Leading into the first planned stop of the day, my constant running nose made it’s way onto Mel’s sunnies and at the 38km mark there was 176 skippies on the board. The morning had started off looking a bit ominous – there looked to be rain in them there flats but by 8:30am it was cloudless day. The heat of the day had Ray give birth to bouncing baby wind jacket – but who was the father?

The wind was really firing up now and two sets of bikes got blown over in the mêlée. Hitting the road again for the 15km stretch o Cocklebiddy, we were strating to slowly lose our minds in the wind. Rusty had the idea to give light shoulder massages to each of us on the way past while we rotated around in the bunch and this quickly disintegrated into faux magpie swoops as he pecked at our helmets.

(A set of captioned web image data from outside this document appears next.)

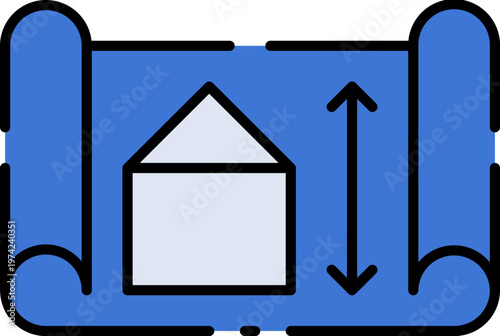 A graphic illustration of a house on a scroll with an arrow indicating growth.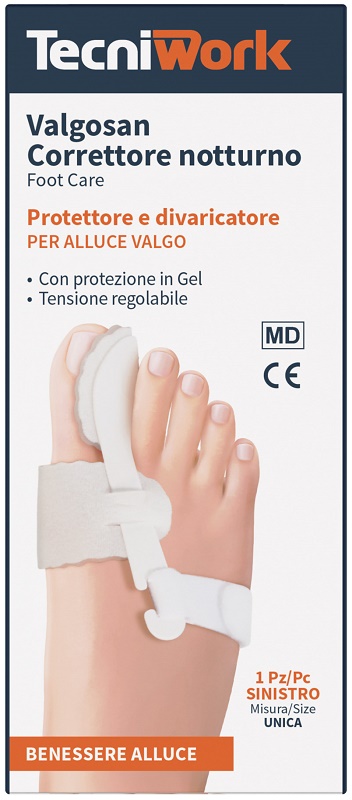 CORRETTORE NOTTURNO PER ALLUCE VALGO SINISTRO MISURA UNICA VALGOSAN 1 PEZZO - Farmapre
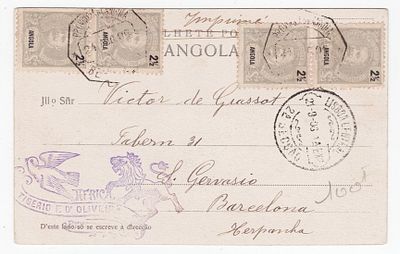 Angola. Emissão D. Carlos Mouchon. Postal ilustrado do Congo, porte de impressos de 10 reis, 2 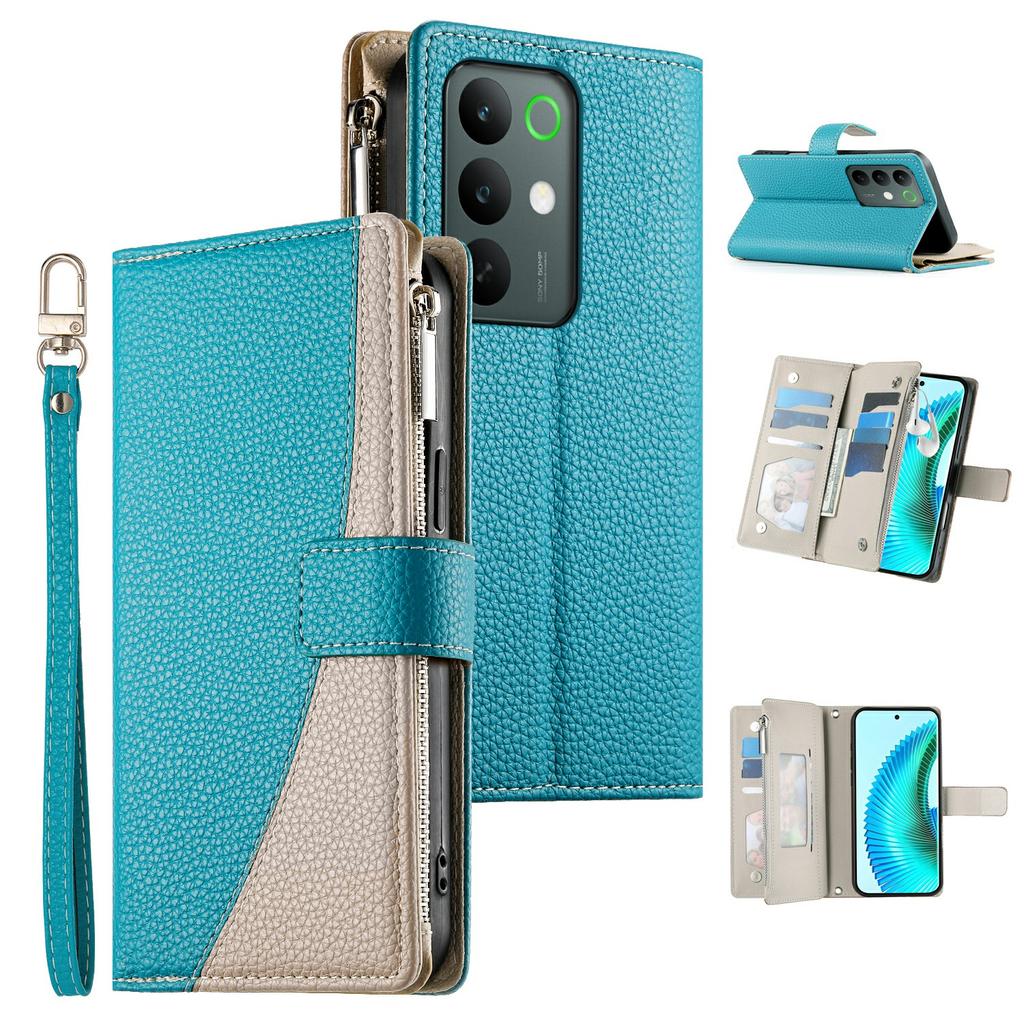For Realme C85 5G Case Zipper Wallet Color Splicing Leather Flip Phone Cover with Straps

Coming into Cocklebiddy for morning tea at 65km we had an opportunity to get coffee but their machine was broken so for $3.50 we could make ourselves an International Roast Half Cap Double Decaf Latte with a twist of lime, or a Truckacino, whichever took our fancy.

We devised a plan to get through the remaining 90km – dividing it into 15km stretches with Lunch after 102km. Coming into the next drink stop absolutely nothing happened although 3km out of the drink stop we saw a dead snake followed closely by a BIG live snake. It stopped on the road and almost reared at us before deciding to get off the road.

At lunch Mel and Sharky released the latest versions of their Powernap Software. Sharky had the open mouth add-in and I said I’d put $10 on Baby G’s donations page if he touched him on the tongue. He wouldn’t do it because of the multiple rows of shark teeth and the effect the bite would have on his ability to ding the bell.


Tony Ganter mentioned the wind as something that if you were going somewhere on a particular day, you’d just say, stuff that, I’m going in the other direction. Someone else mentioned today was the ultimate wind training session. Lots of work for very little result.

“A duck walks up to a lemonade stand…”

Singing is a great measure of how the peleton is feeling. There’s 5 singers in the group and we have a great little ditty about a duck who walked into a lemonade stand – do do do do do. Someone only needs mention it and the rest of the group fills in the rest of the song. This afternoon there was little or no singing. It wasn’t much fun and we really did battle to get to the end in the wind.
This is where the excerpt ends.